Troops deployed to build flood barriers as storms batter northern England

A property is surrounded by flood water, England. ©Toby Melville
Torrential rain has brought flooding to counties across the north of England, causing major disruption to train services, roads and farmland. Soldiers have been deployed to build flood barriers in Lancashire and Cumbria.

The Environmental Agency (EA) issued severe flood warnings this weekend, indicating a risk to life.

It confirmed that 180 millimeters of rain fell over some parts of northern England on Saturday night.

A handful of homes are thought to have been affected.

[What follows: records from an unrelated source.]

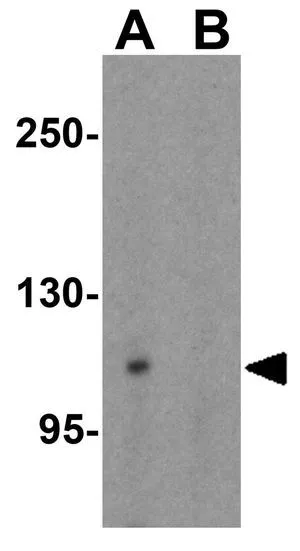 WB analysis of 293 cell lysate in (A) the absence and (B) the presence of blocking peptide using GTX31521 GRIP1 antibody. Working concentration : 1 microg/ml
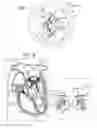 Fig. 12 - Implant for heart valve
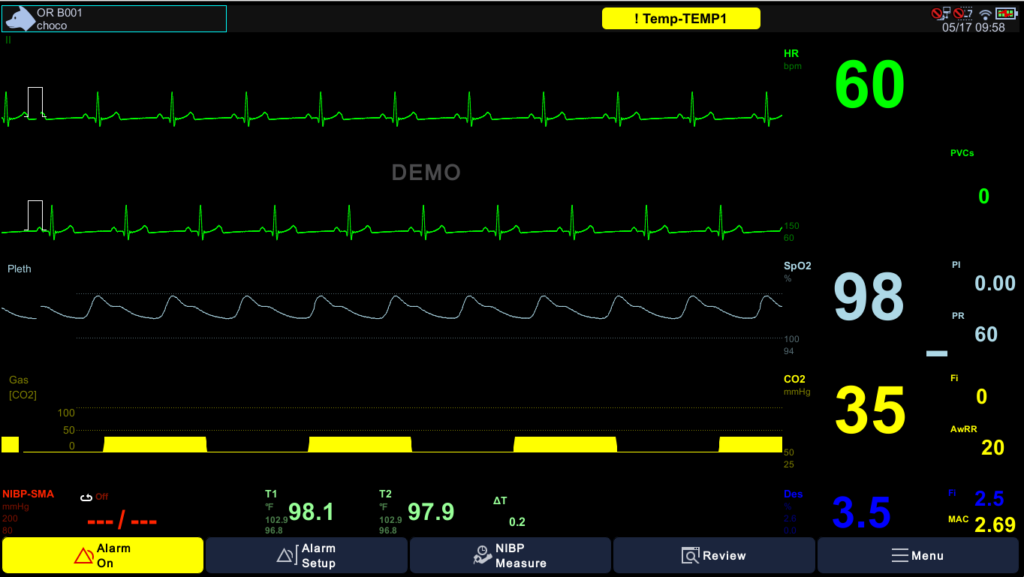 Display — Multi-gas Anesthesia Monitoring with MAC Brio X7VET display with multi-gas anesthesia monitoring showing Desflurane concentration, Fi, MAC value and CO2 capnogram alongside ECG, SpO2 and dual temperatures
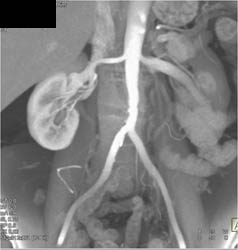 Retroperitoneal Fibrosis - CTisus CT Scan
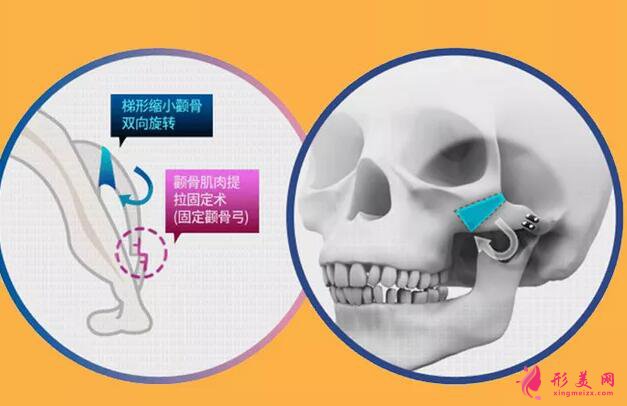 手術(shù)后的效果理想嗎?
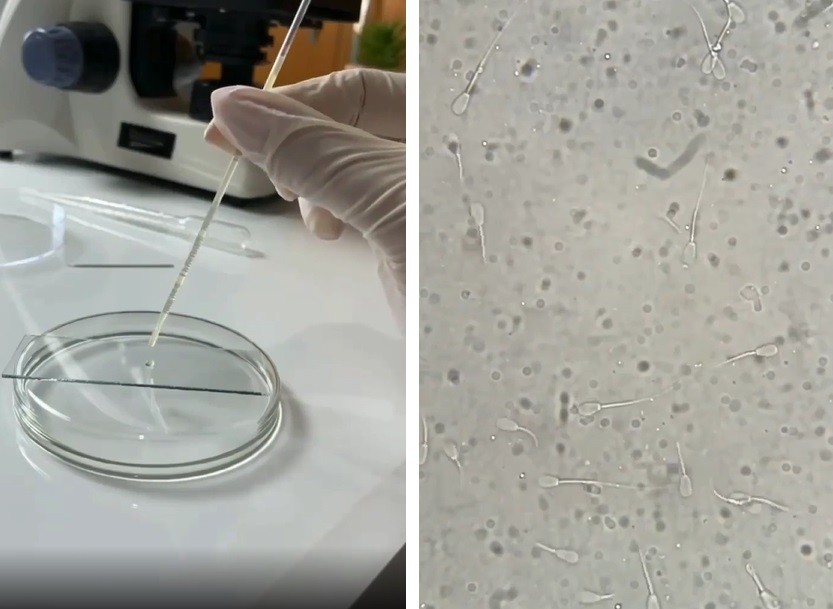 A cientista ampliou a imagem de uma gota de sêmen para mostrar quantidade de espermatozoides (Foto: Reprodução/ Instagram)
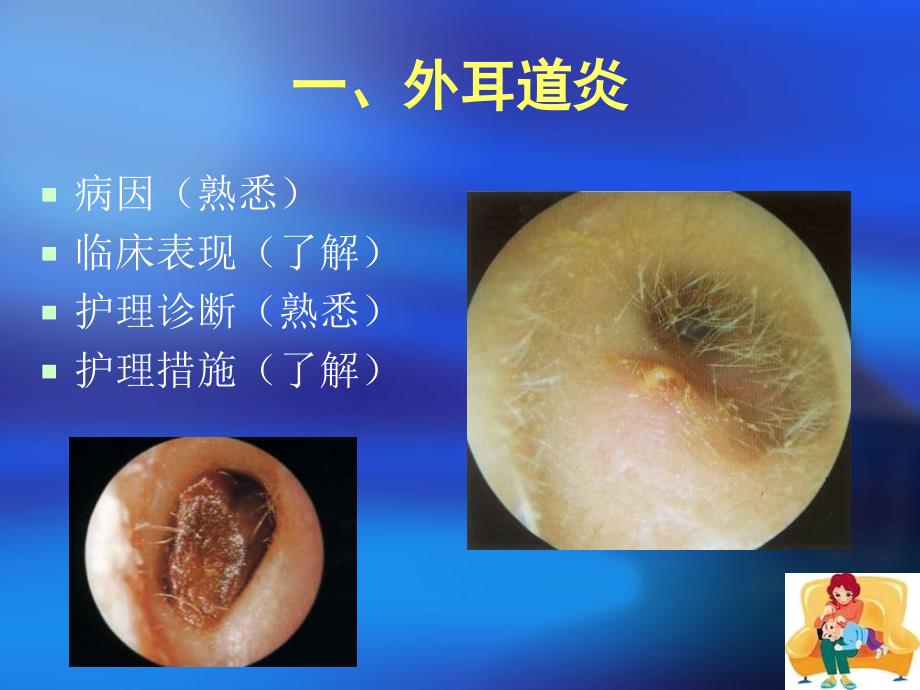 耳部常见疾病护理-常规_第3页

Experts fear up to 1,600 properties could be at risk.

Train services in north Wales have been disrupted by higher river levels in Powys.

According to the EA, flooding risks are higher for Cumbria and parts of Lancashire, western parts of North Yorkshire and West Yorkshire.

Fifty British soldiers were deployed to build flood barriers to protect homes vulnerable to flooding, the Ministry of Defence (MoD) confirmed.

The troops from 2nd Battalion the Duke of Lancaster’s Regiment spent Friday and Saturday working in the region.

Several images, videos and vines have emerged on social media, showing the damage floods have caused to communities.

Cumbria County Council said that its highway employees have been “working through the night” to get roads reopen.

Twelve crews plus support have been focused on clearing debris from the roads caused by flooding,” it said in a statement.

There have been fallen trees due to the high winds as well as material washed on to the roads by water running off fells and fields.

Clearance work will continue throughout the day with several roads still closed.

Further damage can be expected, however.

Storm Barney, the second-ever UK storm to be named, will sweep across Britain this week, bringing with it winds of 80 miles an hour.

The Met Office has warned that regions already hit by floods this weekend could again see waters rise.